Department of Energy Announces $25 Million in Cybersecurity Grant Funding
The U.S. Department of Energy's (DOE) Office of Electricity Delivery and Energy Reliability (OE) has recently released a grant notice for $25 million in cybersecurity funding entitled "Industry Partnerships for Cybersecurity of Energy Delivery Systems (CEDS) Research, Development and Demonstration." This is the first industry-focused funding solicitation since Fiscal Year (FY) 2016.1 Given the exponential increase in cyber risk to the energy sector in recent years, members of Congress provided a 22 percent increase in funding for DOE cybersecurity initiatives in the recent FY 2018 omnibus spending bill.
Cybersecurity Grant Funding Notice
The objective of the CEDS grant notice is to enhance the reliability and resilience of the nation's energy infrastructure through innovative research, development and demonstration (RD&D) of cybersecurity solutions. Energy infrastructure includes electricity generation, transmission and distribution, as well as the production, refining, storage and distribution of oil and gas.
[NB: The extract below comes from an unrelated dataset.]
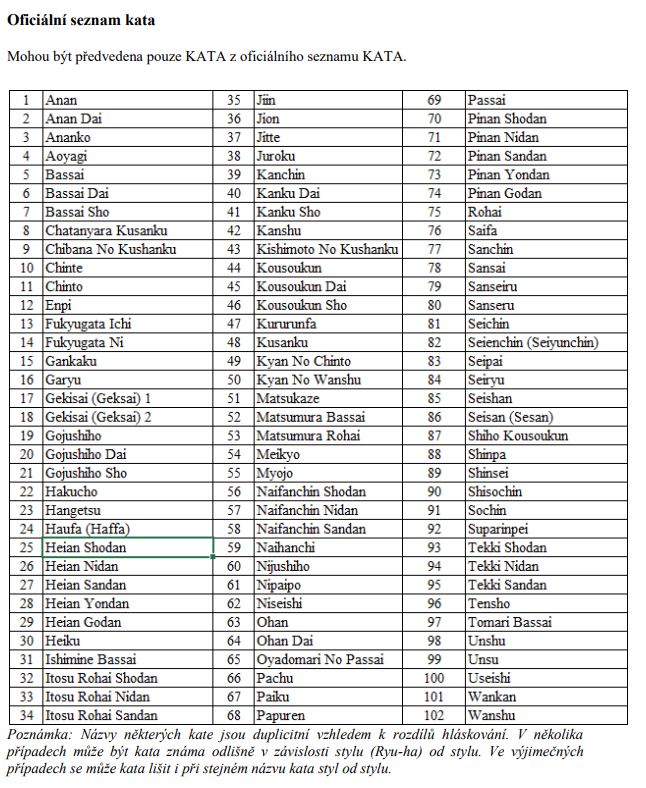 Oficiální seznam kata 2020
Up to $25 million is available for 5-10 awards ranging from $2-3 million, with an award cap of $4 million. Each project proposal must have a cost share of 20-50 percent, depending upon project type.
The solicitation's five topic areas include:
- Redesign for cyber-resilient architecture – oil and natural gas (ONG) and electric subsectors
- Cybersecurity for the ONG environment
- Cybersecure communications
- Cybersecure cloud-based technologies in the operation technology (OT) environment
- Innovative technologies that enhance cybersecurity in the energy sector
Full applications are due by June 18, 2018 at 3:00 p.m. ET. For more information or to apply online, visit FedConnect.
As discussed in a recent blog post, DOE created a new Cybersecurity, Energy Security and Emergency Response (CESER) office in February. Since CESER is relatively new, this funding announcement was released through OE. Traditional OE funding opportunities are specifically issued via DOE's National Energy Technology Laboratory (NETL). NETL regularly issues FOAs on behalf of the DOE Offices of Fossil Energy (FE), Energy Efficiency and Renewable Energy (EERE) and OE, which can be found on its solicitation page.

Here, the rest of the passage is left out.